*Raw data:*
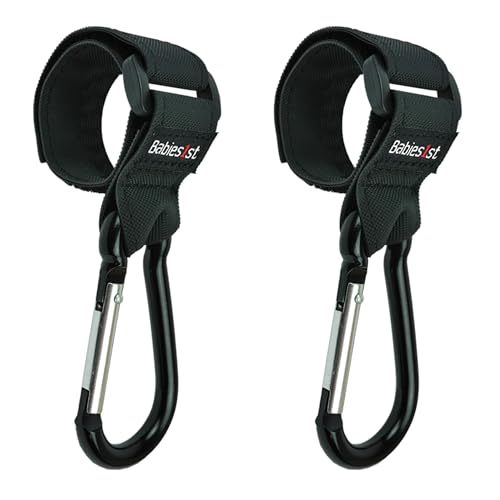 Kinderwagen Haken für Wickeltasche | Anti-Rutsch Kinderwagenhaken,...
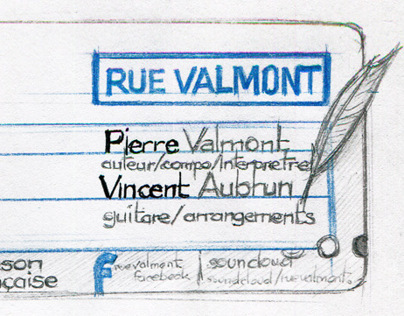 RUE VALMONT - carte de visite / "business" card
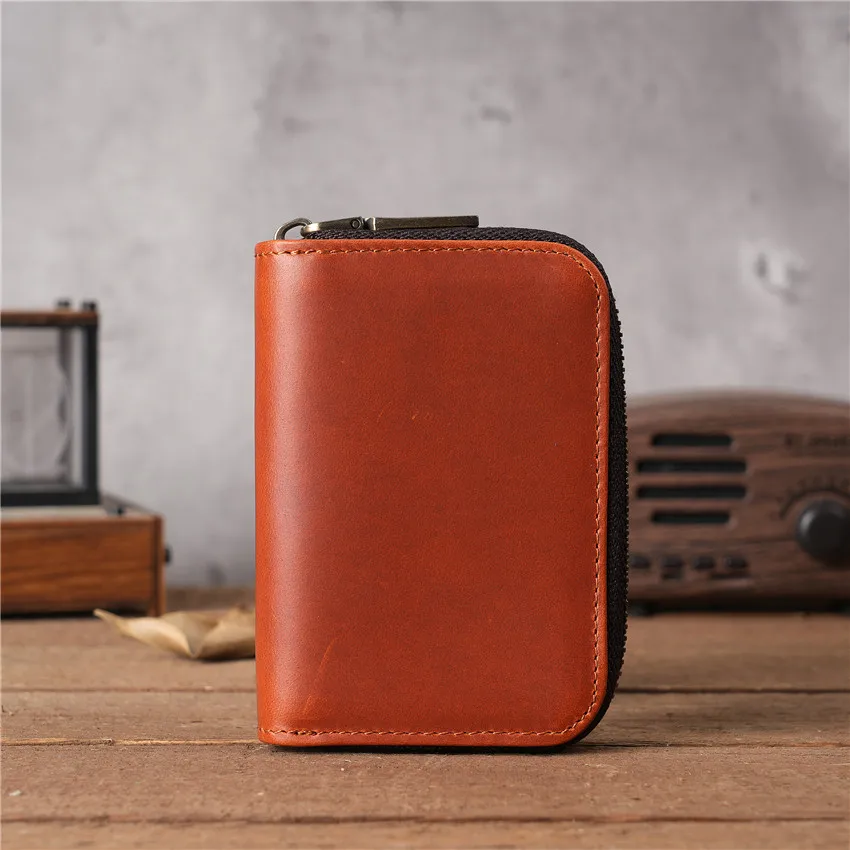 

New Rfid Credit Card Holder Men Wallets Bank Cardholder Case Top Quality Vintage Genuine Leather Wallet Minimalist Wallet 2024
...
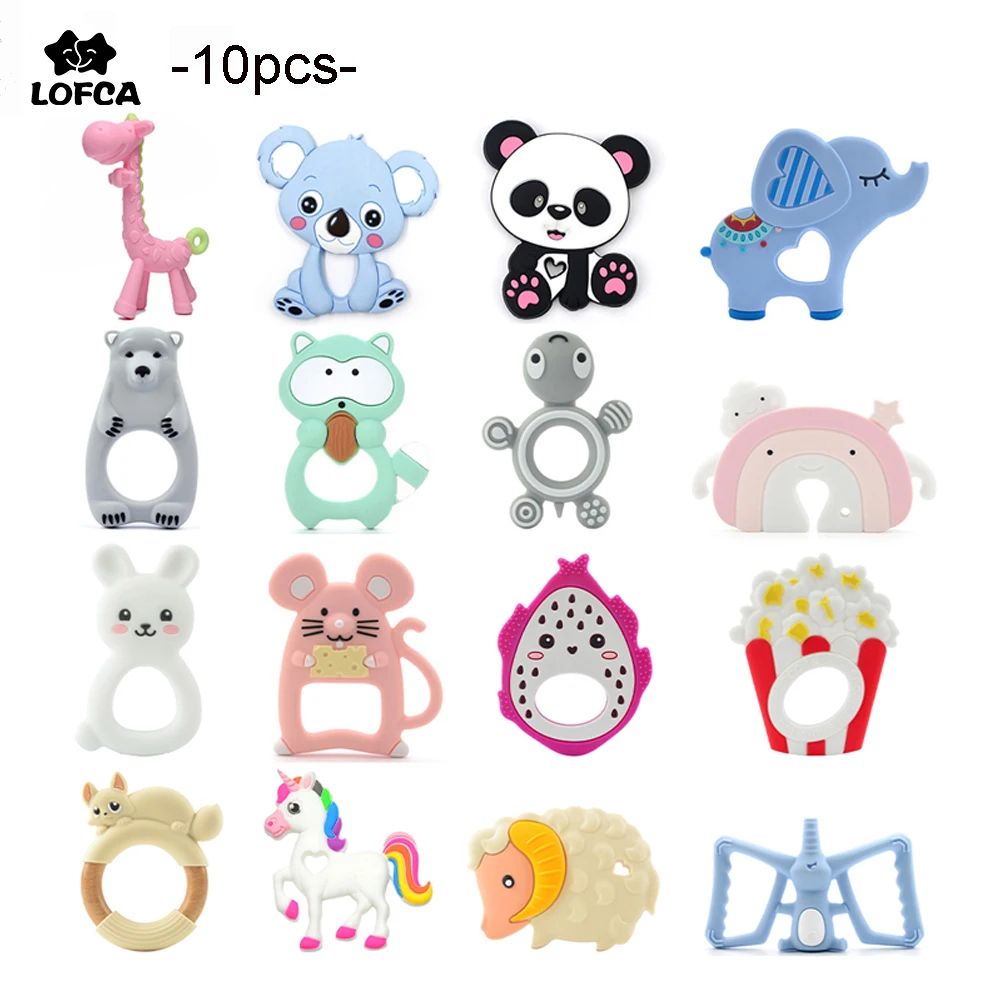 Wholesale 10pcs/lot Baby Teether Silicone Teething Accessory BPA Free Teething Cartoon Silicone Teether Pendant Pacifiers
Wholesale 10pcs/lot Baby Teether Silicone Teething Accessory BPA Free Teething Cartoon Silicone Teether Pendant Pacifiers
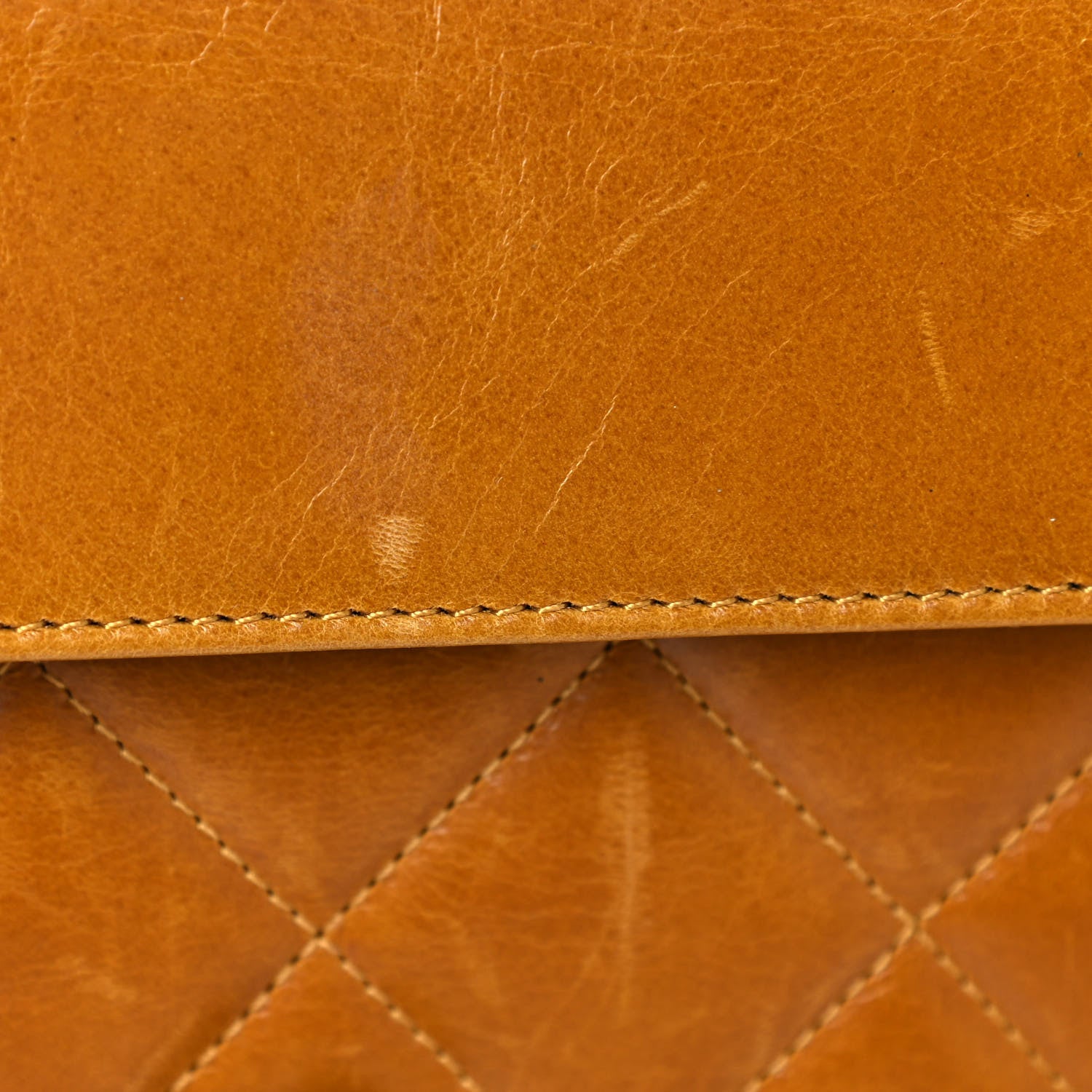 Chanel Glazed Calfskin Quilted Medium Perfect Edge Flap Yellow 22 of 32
---
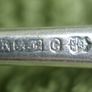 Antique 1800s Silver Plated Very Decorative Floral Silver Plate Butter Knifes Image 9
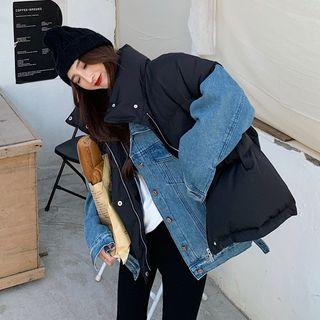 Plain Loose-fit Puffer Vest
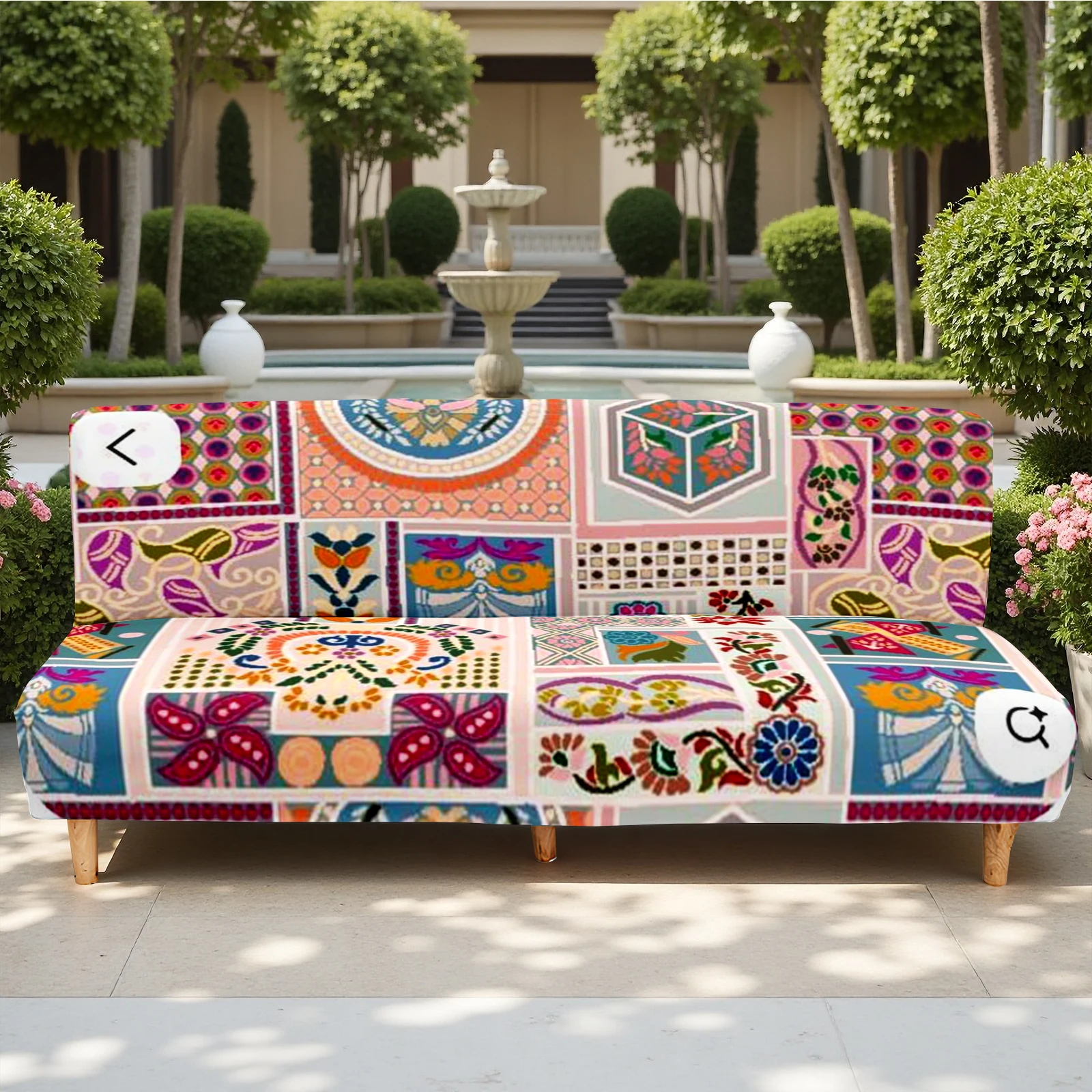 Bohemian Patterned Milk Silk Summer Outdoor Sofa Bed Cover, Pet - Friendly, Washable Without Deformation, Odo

*Work item:*
Please repeat, exactly as written, the lines in the records above, starting with the one that has "Kinderwagen Haken für" and going on through the one that has "New Rfid Credit". Pictures are to be left out.

*Written response:*
 Kinderwagen Haken für Wickeltasche | Anti-Rutsch Kinderwagenhaken,...
 RUE VALMONT - carte de visite / "business" card

New Rfid Credit Card Holder Men Wallets Bank Cardholder Case Top Quality Vintage Genuine Leather Wallet Minimalist Wallet 2024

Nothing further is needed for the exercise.